In a case that proves that the only effective thing to do against the current administration is to fight, our office has won a case for a client who was accused of misrepresentation. The client will now be able to remain in the United States without fearing to return to her country, where she would have faced certain death. Accusing asylees of misrepresentation has become a usual thing for the United States and Citizenship Service to do to reverse their prior decisions to protect these vulnerable immigrants.
There has been a trend where USCIS would go back to the initial asylum application to see if there were any inconsistent statements between the application and the adjustment of status application. If there was even a slight variation or a perceived inconsistent statement, the government would send a Request for Evidence asking the applicant to defend his or her previous statements. This trend is not limited to Asylees and has been used against many people that I have represented in Adjustment of Status cases. This trend is highlighted by the fact that the Service has changed its adjudication process, where it says it is not bound by prior adjudications.
This highlights one fact: please do not go before the government without hiring an attorney. If you can not afford one, there are many organizations that would help you for no fee. We have represented several individuals, including in immigration court, against such charges.
The Service has a high burden of proof of cases of misrepresentation. the Service has to prove 1) misrepresentation before a government official 2) that the misrepresentation was in material, i.e. it would have changed the outcome of the case and 3) the Applicant intended to deceive.
The misrepresentation can be written or oral, and before any government official. For example, we have represented individuals who were accused of such misrepresentation before the consular officer. The misrepresentation should have been material, which should have led to a different result in the case. For example, if you tell an officer that you are married at the time of applying for a nonimmigrant visa when you are not. Then the government could say that you would not have proven sufficient contacts in your home country, and thus would not have received a visa. The last prong might be the hardest to prove. The Service will have to prove that you knew the misrepresentation and actively supported it.

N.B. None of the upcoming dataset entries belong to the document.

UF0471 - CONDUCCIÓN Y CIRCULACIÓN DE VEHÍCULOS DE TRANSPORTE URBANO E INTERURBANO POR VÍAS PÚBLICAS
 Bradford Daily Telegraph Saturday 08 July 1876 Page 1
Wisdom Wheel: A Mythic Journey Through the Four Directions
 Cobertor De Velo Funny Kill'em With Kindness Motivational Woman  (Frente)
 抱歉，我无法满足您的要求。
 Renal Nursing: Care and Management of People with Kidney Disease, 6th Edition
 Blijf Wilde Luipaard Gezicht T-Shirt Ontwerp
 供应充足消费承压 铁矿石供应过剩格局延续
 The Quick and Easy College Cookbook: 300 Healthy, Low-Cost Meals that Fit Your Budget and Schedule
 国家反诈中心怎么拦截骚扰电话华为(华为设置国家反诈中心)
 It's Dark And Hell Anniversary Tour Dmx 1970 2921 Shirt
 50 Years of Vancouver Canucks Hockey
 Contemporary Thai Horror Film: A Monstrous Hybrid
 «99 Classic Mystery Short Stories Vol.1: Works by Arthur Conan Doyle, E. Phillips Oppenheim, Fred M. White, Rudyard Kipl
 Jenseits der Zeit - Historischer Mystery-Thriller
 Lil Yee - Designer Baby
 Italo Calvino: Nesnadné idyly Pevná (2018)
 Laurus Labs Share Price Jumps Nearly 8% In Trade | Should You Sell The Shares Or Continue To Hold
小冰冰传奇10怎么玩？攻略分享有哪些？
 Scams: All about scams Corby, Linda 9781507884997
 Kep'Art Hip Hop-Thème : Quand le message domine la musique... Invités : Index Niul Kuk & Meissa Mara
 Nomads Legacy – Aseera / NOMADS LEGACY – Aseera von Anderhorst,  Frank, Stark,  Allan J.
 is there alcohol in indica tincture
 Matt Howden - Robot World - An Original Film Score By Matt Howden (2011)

You need to hire an attorney who has done before. Attorney Ahmad Yakzan has represented clients in immigration court and before the Service. Call us today for a consultation.
You may file an application for a waiver of the grounds of inadmissibility. The form used differs by the type of adjustment of status case that you file and the basis of eligibility. For example, an applicant in the United States would apply for a waiver using form I-601. An asylee, on the other hand, would use form I-602.
Just submitting the form, however, is not enough. The Applicant has to show that he, or a qualifying relative, would experience hardship if they were removed to their country of nationality. This is more difficult than it seems, and you should really hire an attorney to help you.
The consequences of being accused of misrepresentation are very dire. If the government shows that you, in fact, committed such offense, they may revoke any prior relief which it granted previously. For example, Attorney Ahmad Yakzan represented someone in immigration court who had been accused of lying almost two decades before being placed in removal proceedings. We were able to show, after an appeal to the Board of Immigration Appeals, that he did not know of the misrepresentation, and his adjustment of status was proper. So, a charge for misrepresentation could threaten your American Dream™. You should take it very seriously.
Please note that these previous results should not be construed as a promise of a result since every case is different.